The report found that the station's exterior doors cannot be locked, either because they aren't equipped with locks or officials don't have keys. Amtrak has been working on the problem, the report found, but efforts have stalled due to a lack of funding. Amtrak does not have the ability to secure the station if there's an emergency.

Security within the building also is troubling, the report said. Interior doors aren't secure, and too many workers have access to office space they have no reason to use. An example the report cited was the station's ticketing office. Twenty-six people work there, but 450 employees and contractors in Amtrak's ticketing department nationwide can get into the office in Philadelphia.

Outside the station, security at the rail yard was determined to be lax. Investigators found damaged fences, no gates at the entrance to the yard, and no regular patrols. Video cameras both in the station and the rail yard weren't all functioning. Just 70 of 225 vehicles parked in the rail yard's lot had valid parking permits.

"As a result, trespassers can easily access and park in the yard, which has resulted in thefts and other issues," the report stated, "including an intoxicated driver overturning a vehicle onto the tracks in 2013."

Fixes for the fences and cameras were, again, on hold due to a lack of funding, the report stated.

Philadelphia police were reviewing the report and declined to comment Tuesday.

Amtrak management's comments were included in the report, and they said a plan to secure 30th Street Station's exterior and interior doors, a project that may be consolidated under one department, should be done by December. They anticipated having training programs in place for workers by March 2019.

Sen. Bob Casey (D., Pa.) pointed to the report as a call for funding to improve for the national rail carrier. "Amtrak has been underfunded for years and this is one more example of why we need to invest in our national infrastructure and Amtrak," he said.

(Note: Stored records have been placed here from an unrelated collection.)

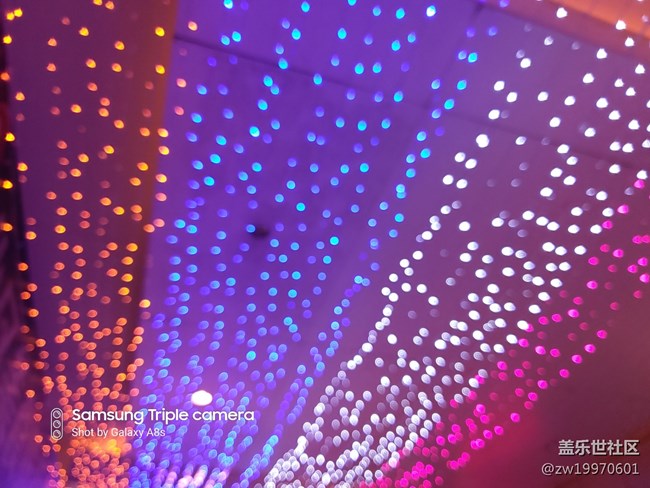 Galaxy A8s 豈止黑瞳全視屏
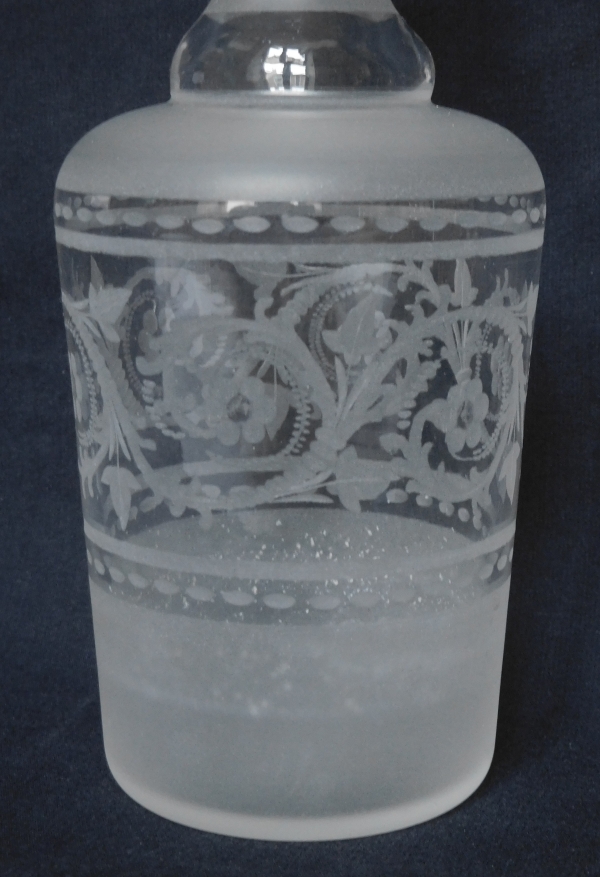 Carafe à liqueur en cristal gravé de style Louis XVI, époque XIXe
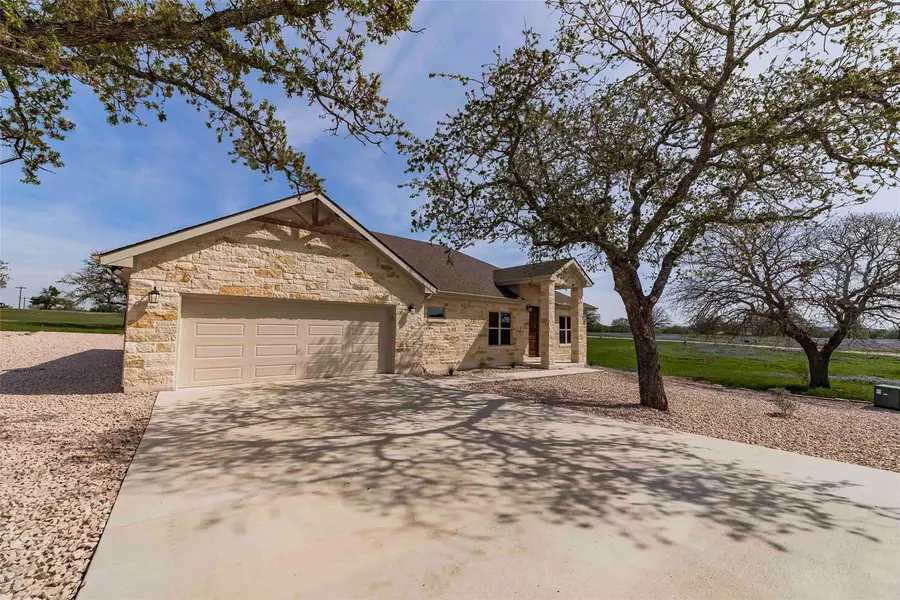 138 Friends Wood Ave, Kingsland, TX 78639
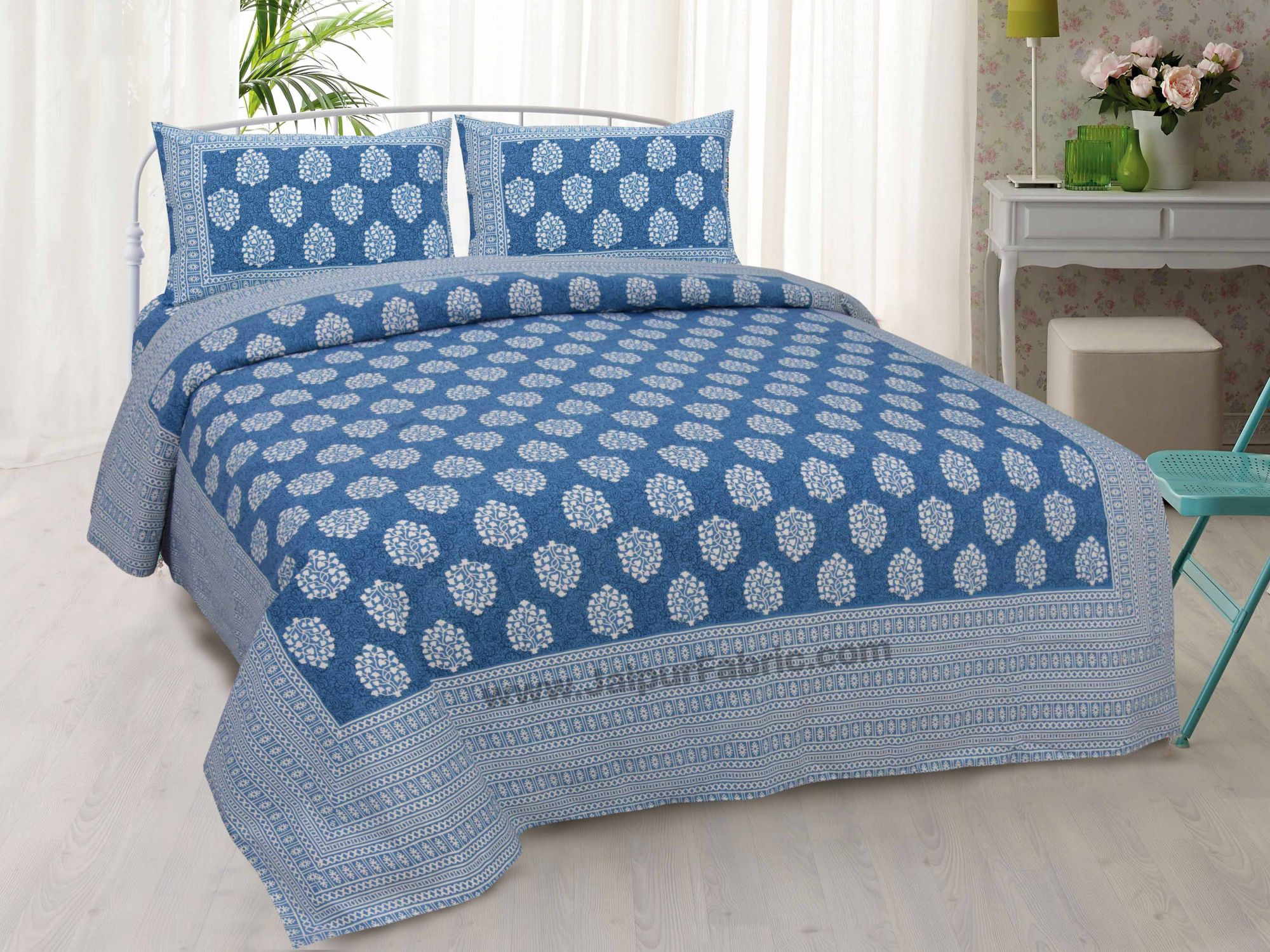 Blue Traditional Badge Double Bedsheet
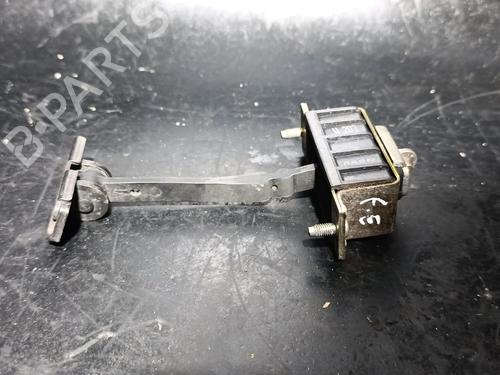 hingedoor-check-strap-mercedes-benz-c-class-w203-2000-2001-2002-2003-2004-2005-2006-2007-38890204 main image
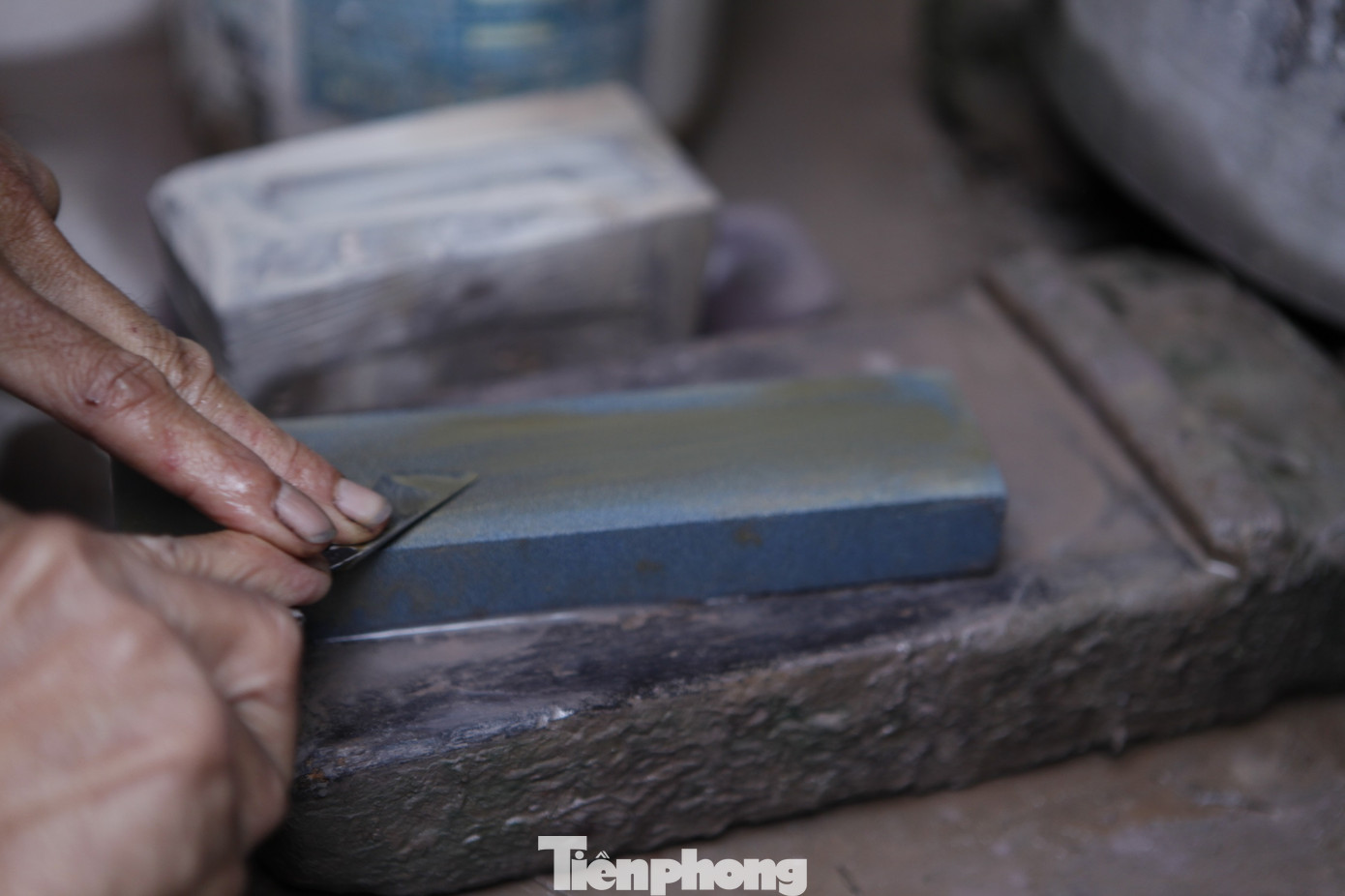 Trước khi khắc mộc bản, những chiếc đục được anh Thạo mài sắc. Ảnh: Nguyễn Thắng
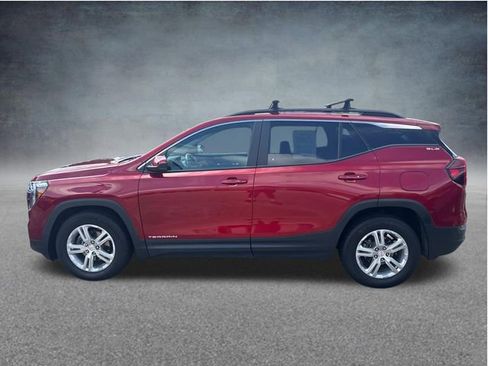 Used 2022 GMC Terrain SLE w/ Driver Convenience Package FWD image 6
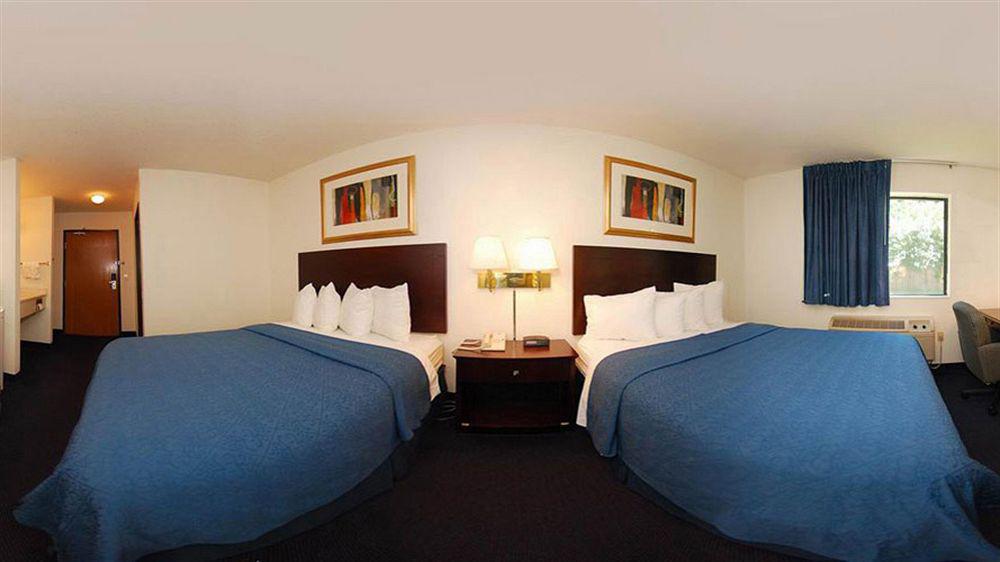 Quality Inn O'Fallon Il - St Louis Εξωτερικό φωτογραφία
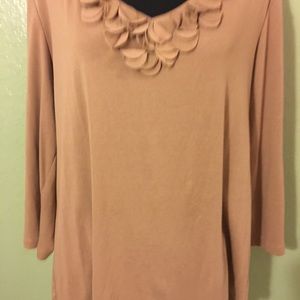 knit top with scallop details around neckline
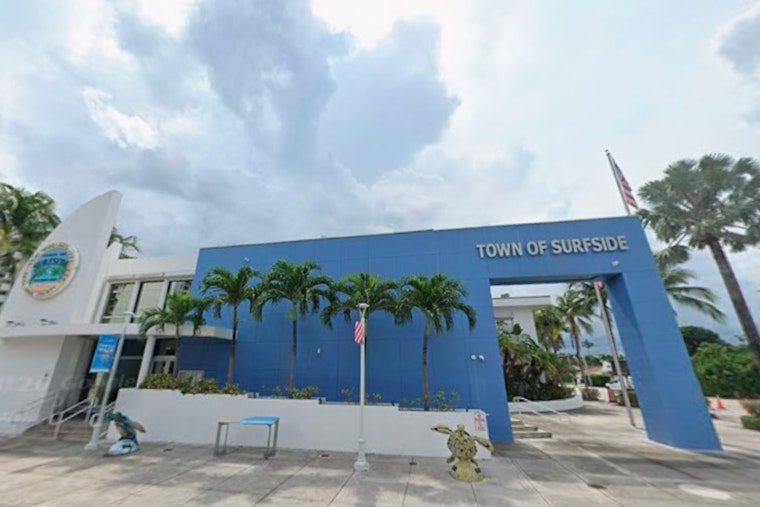 Surfside Couple Takes In Kids Who Show Up at Their Door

Money problems have haunted Amtrak almost since it was created more than 40 years ago. Amtrak spends about $300 million a year on keeping the Northeast Corridor in good repair, but the need is estimated at between $700 million and $900 million.

The inspector general's office conducted observations at the rail yard and station, interviews with workers, and compared practices at 30th Street with other Amtrak stations and security practices with other public and private organizations.